Published several recent papers, such as 'Improving Informally Romanized Language Identification' (EMNLP conference), 'Tools of the Scribe: How Writing Systems, Technology, and Human Factors Interact To Affect the Act of Writing' (forthcoming by Springer Nature), and 'Context-aware transliteration of Romanized South Asian languages' (Computational Linguistics journal). Co-organized the Second Workshop on Computation and Written Language (CAWL 2024) and helped establish the ACL Special Interest Group on Writing Systems and Written Language (SIGWrit). Was co-Editor-in-chief for the Transactions of the Association for Computational Linguistics (TACL) from 2018-2022. Developed resources like the Dakshina dataset.
Research Experience
Before joining Google as a research scientist in May 2013, was a faculty member for 9 years in the Center for Spoken Language Understanding (CSLU) at Oregon Health & Science University (OHSU). Prior to that, worked in the Speech Algorithms Department at AT&T Labs - Research from 2001 – 2004.
Education
Ph.D. in the Department of Cognitive and Linguistic Sciences at Brown University in 2001. Part of the Brown Laboratory for Linguistic Information Processing.
Background
A computational linguist working on various topics in natural language processing.

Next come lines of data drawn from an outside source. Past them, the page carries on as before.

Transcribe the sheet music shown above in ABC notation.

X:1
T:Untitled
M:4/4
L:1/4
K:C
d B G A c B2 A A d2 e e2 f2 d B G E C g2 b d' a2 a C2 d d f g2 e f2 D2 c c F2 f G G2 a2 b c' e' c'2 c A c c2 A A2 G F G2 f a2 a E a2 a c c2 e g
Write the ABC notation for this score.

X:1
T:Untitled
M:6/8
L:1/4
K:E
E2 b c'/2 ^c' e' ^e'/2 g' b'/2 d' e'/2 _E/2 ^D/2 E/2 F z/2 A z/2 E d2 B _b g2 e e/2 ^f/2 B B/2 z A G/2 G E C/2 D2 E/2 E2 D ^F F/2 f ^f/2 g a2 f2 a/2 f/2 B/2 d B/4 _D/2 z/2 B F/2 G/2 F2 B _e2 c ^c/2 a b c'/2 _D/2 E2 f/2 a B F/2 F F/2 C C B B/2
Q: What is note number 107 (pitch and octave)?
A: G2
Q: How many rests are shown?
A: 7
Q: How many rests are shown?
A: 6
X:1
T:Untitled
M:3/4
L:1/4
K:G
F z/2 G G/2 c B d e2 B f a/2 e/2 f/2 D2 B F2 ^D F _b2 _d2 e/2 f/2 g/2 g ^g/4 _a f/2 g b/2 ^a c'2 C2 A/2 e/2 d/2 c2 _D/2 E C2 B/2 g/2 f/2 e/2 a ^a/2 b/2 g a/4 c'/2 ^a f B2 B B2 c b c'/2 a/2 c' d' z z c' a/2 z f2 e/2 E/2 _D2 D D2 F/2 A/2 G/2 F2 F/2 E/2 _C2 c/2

Research interests include: transliteration and text normalization; language identification; language modeling for automatic speech recognition, text entry, and other applications; weighted transducers and grammars; supervised and unsupervised learning of language models; pronunciation modeling; text entry, accessibility, and augmentative & alternative communication (AAC); syntactic parsing of text and speech; statistical models of human language processing; spoken language processing for diagnosis of neurodevelopmental and neurodegenerative disorders.
Miscellany
Activities and interests include giving a talk on 'Empirical methods in context-aware transliteration' at the Eugene Charniak Memorial Symposium.